The cult musical-comedy film “Stilyagi,” from 2008, follows the lives of a young group of Muscovites and their love for Western culture. One of the main characters, Polly, gives birth to a mixed-race baby boy. Actual statistics on mixed race births after the festival, however, are difficult to find. A handful of studies all proved futile. “Clearly there were some children who emerged from that, but nothing like what the popular sensibility suggests,” Roth-Ey said.
A multicultural union
For many Russians looking back on the 1957 festival today, deti festivalya are evidence of Soviet internationalism and racial tolerance. “My Russian friends and colleagues point to those liaisons as proof that the Soviet Union was a racially tolerant country,” Raquel Greene, assistant professor of Russian at Grinnell College, told The Moscow Times.
The early Soviet Union presented itself as a champion of multiculturalism, in opposition to the racism and nationalism that Soviet authorities said was rampant in the capitalist United States.
Experts who spoke to The Moscow Times pointed to the 1936 film “Tsirk” as one of the strongest illustrations of this. In the film, a white American woman named Marion Dixon comes to Moscow with her black baby. Having fled bigotry in the United States, Dixon decides to stay in the Soviet Union with her child.

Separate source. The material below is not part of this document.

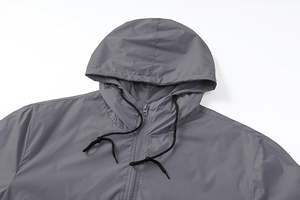 Chaqueta cortavientos ligera de cuero genuino para hombre con capucha y bolsillos impermeable transpirable para uso al aire libre en invierno primavera - Product Image 3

After Stalin came to power, however, things changed. In 1947, the Soviet authorities passed a decree banning marriages between Soviet citizens and foreigners. Upon Stalin’s death in 1953 the law was reversed, but the prejudices that informed it remained, targeting women in particular. “Women are seen — cross-culturally — as the embodiment or repository of the nation’s honor,” Roth-Ey explained. “It’s not unique to the Soviet Union and it’s not unique to Russian culture.”